We expect visible results from hard training. But we don’t always have to train hard to make progress.
Whether your goal is weight loss, improved fitness, or better performance in a particular sport. There is an important place in any workout plan for light, moderate, and heavy workouts.
High Intensity Training
The most effective fat burning workouts are the ones you can only do for a short amount of time. However, you should not do an intense workout every day.
Because these workouts are very heavy, your body needs extensive recovery, both during the workout and in the days following the workout.
When you perform a high-intensity workout, you breathe very deeply and are on the verge of gasping for air. You should feel like you can’t sustain the activity for more than a few minutes. On a perceived exertion scale, you should feel like you’re on an eight to nine level.
Since high-intensity exercises can only be sustained for a short time, interval training is a good choice. A popular form of interval training is high-intensity interval training (HIIT). In a HIIT workout, you combine intense training sessions of 30 seconds to several minutes with short recovery periods of 10 seconds or more.
If you’re training to lose weight, high-intensity workouts are the way to go. People who do high-intensity interval training are more successful at losing weight and burning fat.
High-intensity training also has disadvantages. The intense workouts carry a higher risk of injury and burnout, and require low-intensity recovery in the days following exercise. This is where careful training planning comes into play.
Make sure you plan your week to have rest days between intense workouts. During rest days, low-intensity workouts make sense.
Low intensity training
Light or low-intensity exercise gets your heart rate up – but not so much that you have to breathe heavily. On a scale of one to ten, low-intensity exercise ranks between four and six.
Your heart rate should be between 40% and 50% of your maximum heart rate for this type of activity. You should feel comfortable enough to continue the activity for an extended period of time.
Some of your regular daily activities and chores can count as low-intensity exercise. If you e.g. For example, walking the dog, taking the kids for a bike ride, or strolling to the grocery store to get dinner, these activities fall into the low-intensity exercise category.
If your goal is to lose weight, these activities will help you stay active and burn extra calories throughout the day.
The good thing about this type of activity is that you can do a lot of it. Low-intensity exercise improves joint mobility, lowers your stress levels, increases your total daily calorie burn, and provides recovery from tough workouts.
Moderately intense workout
Moderate exercise is often recommended to improve health and lose weight. But what is moderate training for one person can be very intense training for another. So how do you know if your workout falls into the moderate category?
When you’re doing a moderate workout, you should feel like you’re working out, but not so hard that you want to stop in the next few minutes.
You breathe deeply, but don’t gasp for air. On a scale of one to ten for perceived exertion, you should feel like you’re training at a level of six to seven.
There are guidelines to help you achieve specific goals:
- Moderate Weight Loss: Exercise at a moderate intensity for between 150 and 250 minutes per week.
- Clinically Significant Weight Loss: Exercise more than 250 minutes per week at a moderate intensity. When combining mindful eating and exercise to lose weight, exercise at a moderate intensity for between 150 and 250 minutes per week.
- Weight maintenance: To prevent weight gain after weight loss, you should do at least 250 minutes of moderate exercise per week.
Moderate activity allows you to sustain calorie burn for a longer period of time. Moderate activity improves cardiorespiratory endurance, reduces stress, improves heart health and boosts metabolism, with less risk of injury or overuse than high-intensity exercise.
Plan your training program
If you’re healthy enough for physical activity at any intensity level, schedule one or two intense workouts during the week. These short workouts will help you burn maximum calories in minimum time. You also build muscle during these sessions to boost your metabolism.
But make sure that you don’t train too intensively too often. On the days after high-intensity training, give your body a break by doing low-intensity exercises.
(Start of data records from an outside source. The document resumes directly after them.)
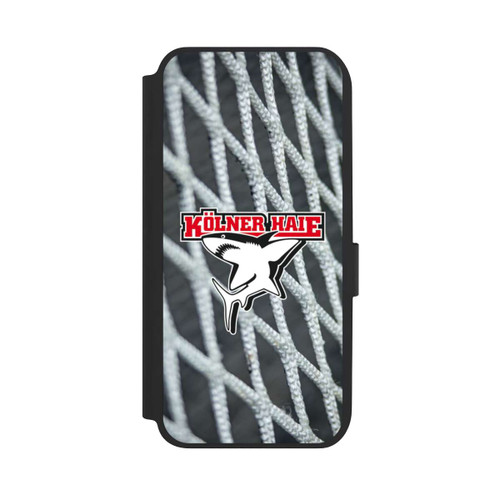Samsung Galaxy A14 5G NIVOflip Kölner Haie Tornetz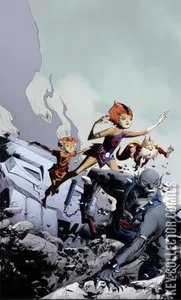 Thundercats #1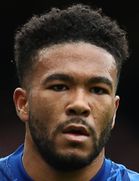 Reece Jamesboyu ve yaşı kaç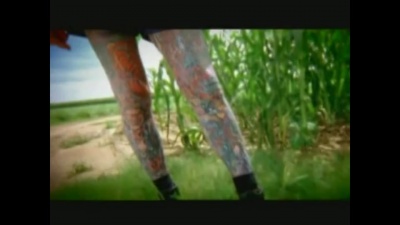 Hoodoo Gurus - When You Get To California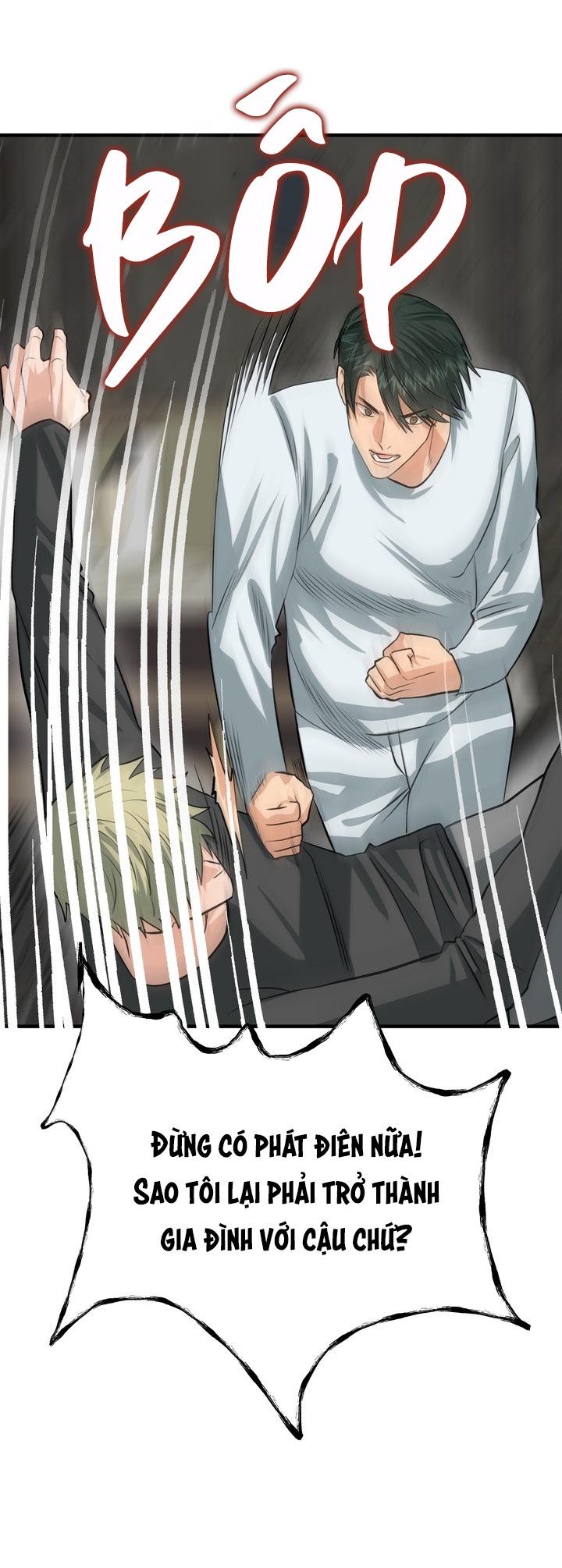 CÓ TIN VÀO TÍNH BẢN ÁC KHÔNG ? Chapter 41 - Next Chapter 42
Stretching during these easy days will help your sore muscles recover faster. You’ll still increase your calorie consumption for the day without putting too much strain on your body.
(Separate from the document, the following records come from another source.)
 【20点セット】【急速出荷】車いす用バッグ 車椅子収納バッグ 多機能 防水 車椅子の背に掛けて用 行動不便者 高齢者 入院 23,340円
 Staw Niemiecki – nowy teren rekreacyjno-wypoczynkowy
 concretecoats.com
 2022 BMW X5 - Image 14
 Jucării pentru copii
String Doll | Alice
Fill in the rest of your training week with moderate-intensity sessions. Challenge yourself by making these units longer. The calorie-burning benefits of these moderate workouts come from the duration of the workout, not necessarily the intensity.
Your training plan could look like this:
- Montag: HIIT Training
- Tuesday: Low-intensity exercise, like yoga and stretching
- Wednesday: moderate exercise, such as 40 minutes of light exercise, jogging, biking, swimming, or aerobic exercise
- Thursday: moderate exercise, such as 40 minutes of light exercise jogging, cycling, or swimming, or aerobic exercise
- Friday: HIIT workout
- Saturday: Low-intensity exercise, like yoga and stretching
- Sunday: moderate exercise, such as 40 minutes of light exercise jogging, cycling, or swimming, or aerobic exercise
Being fit is easy
Training motivated is easier than you think. The EatMoveFeel app includes everything you need to do this. A combination of full-body exercises, yoga, strength and HIIT training invigorate the body and ensure more energy and joy during training. Because training should not only be healthy, but also make us look good, give us strength and make us happy.